Weitere Online-Händler wie Zalando und die Otto-Tochter About You bieten Second-Hand-Ware in ihren Online-Shop an. „Pre-Owned“ heißt die Kategorie bei Zalando, „Second Love“ nennt sie About You. Über 300.000 Artikel sollen dort verfügbar sein.
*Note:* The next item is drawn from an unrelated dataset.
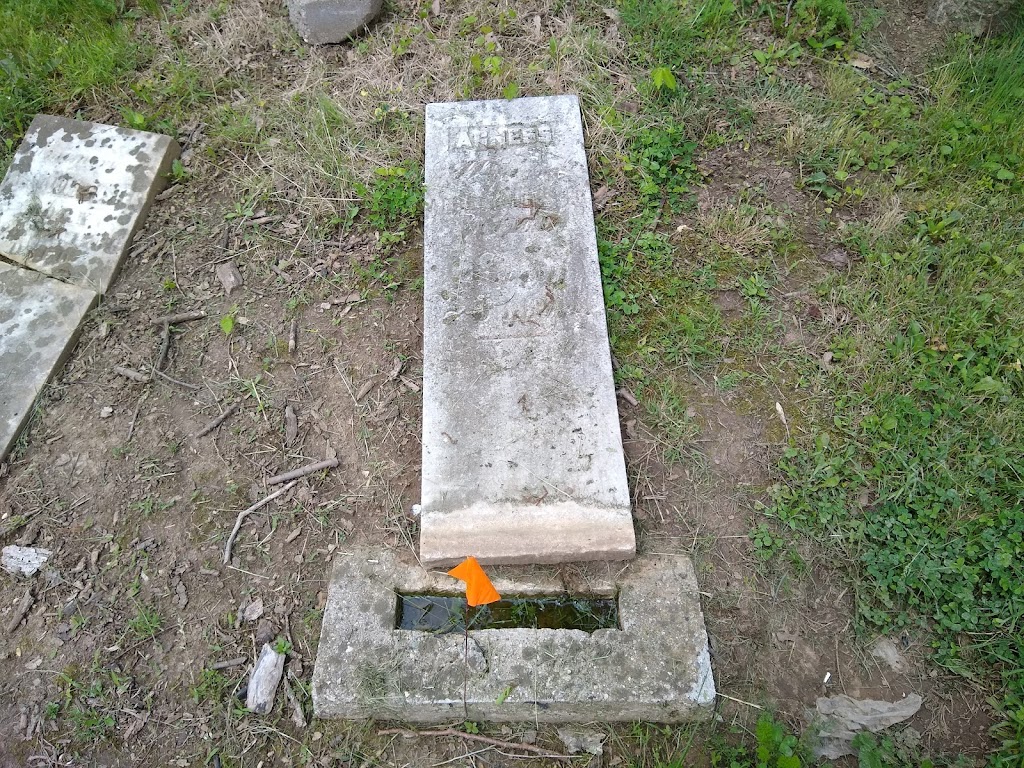 Colerain Township Historic Foster Cemetery | 7574 Harrison Ave, Cincinnati, OH 45247, USA | Phone: (513) 385-7500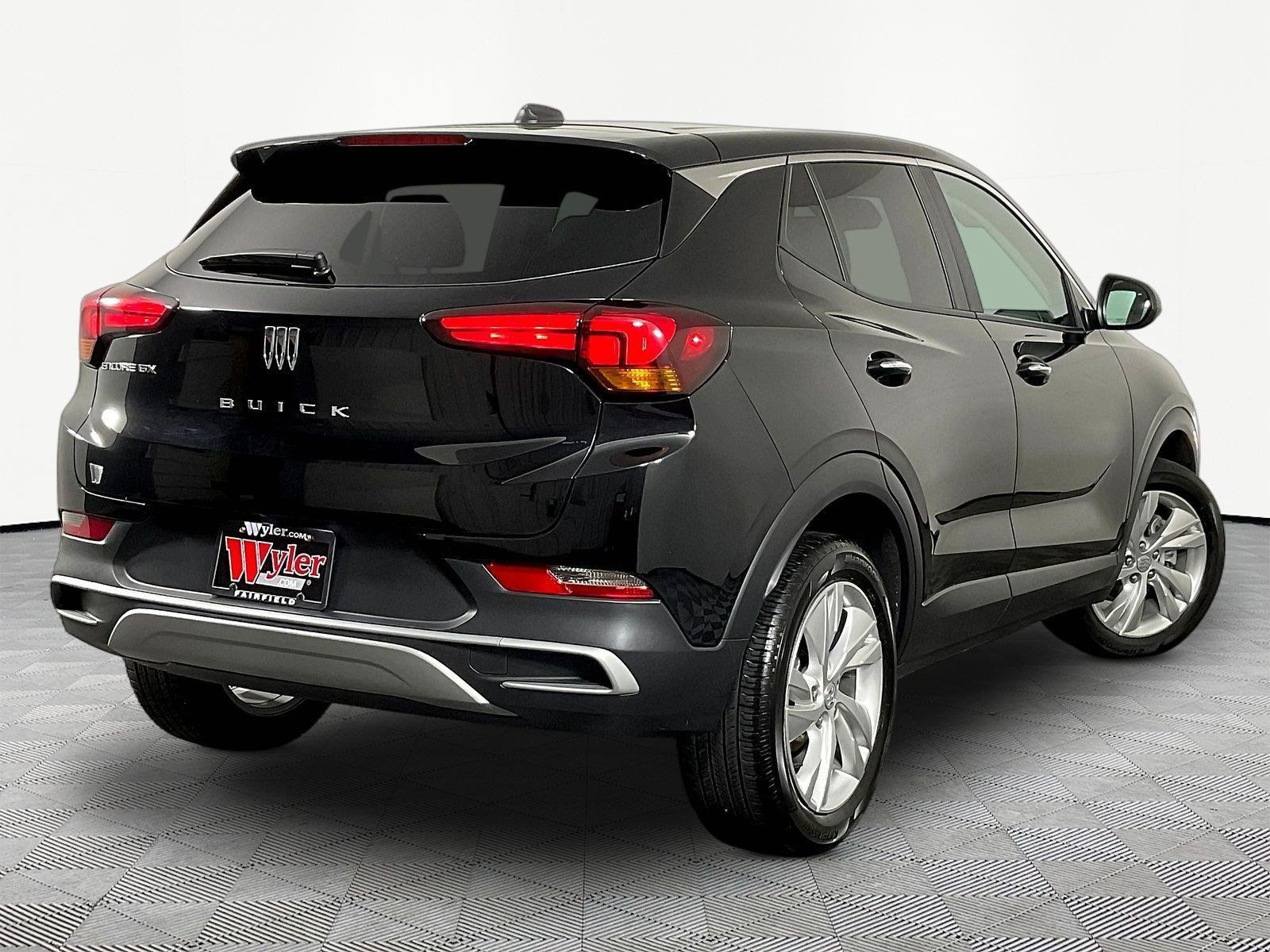 Used 2025 Buick Encore GX Preferred FWD image 6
Modehändler ergänzen ihr Sortiment

Die letzten beiden, Zalando und About You, konnten unter den Modehändlern in den vergangenen zwölf Monaten signifikant an Kaufinteresse zulegen. Doch hier zeigt sich wohl das der Pandemie geschuldete Einkaufsverhalten durch ein Mehr an Online-Handel. Ob nun das Second-Hand-Angebot von Modehändlern auch das Potenzial für neue Kundengruppen hat, diese dann auch in die eigenen Shop zu ziehen, wird sich zeigen. Dann trennt sich die Spreu vom Weizen: Wer nachhaltig unterwegs ist, wird nicht auf die Billig-Produkte der großen Modeanbieter zugreifen. Oder doch?